_Raw data_
+---+

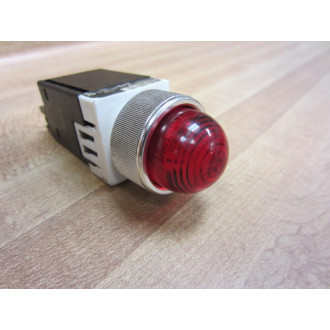 Fuji Electric AH22-ZM AH22ZM Command Switch Red Lens - Used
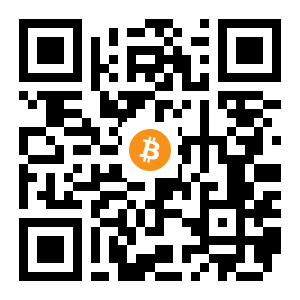 bitcoin:3EV65CXJSDSYkFG5RpCQLFkQyYEdZMk7Bs black Bitcoin QR code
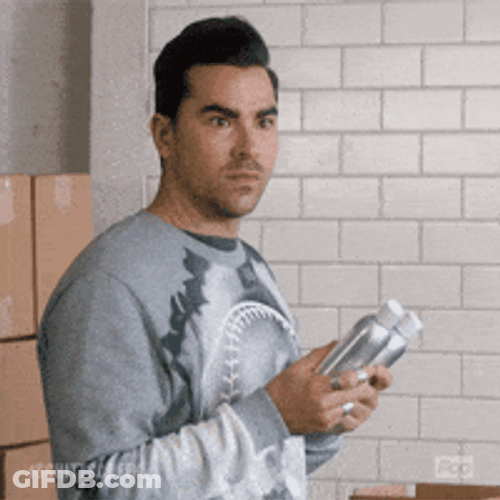 David Rose What Angry Expression GIF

+---+

_Problem description_
Output the data above in full and exactly, with every image left out.

_Completed exercise_
 Fuji Electric AH22-ZM AH22ZM Command Switch Red Lens - Used
 bitcoin:3EV65CXJSDSYkFG5RpCQLFkQyYEdZMk7Bs black Bitcoin QR code
 David Rose What Angry Expression GIF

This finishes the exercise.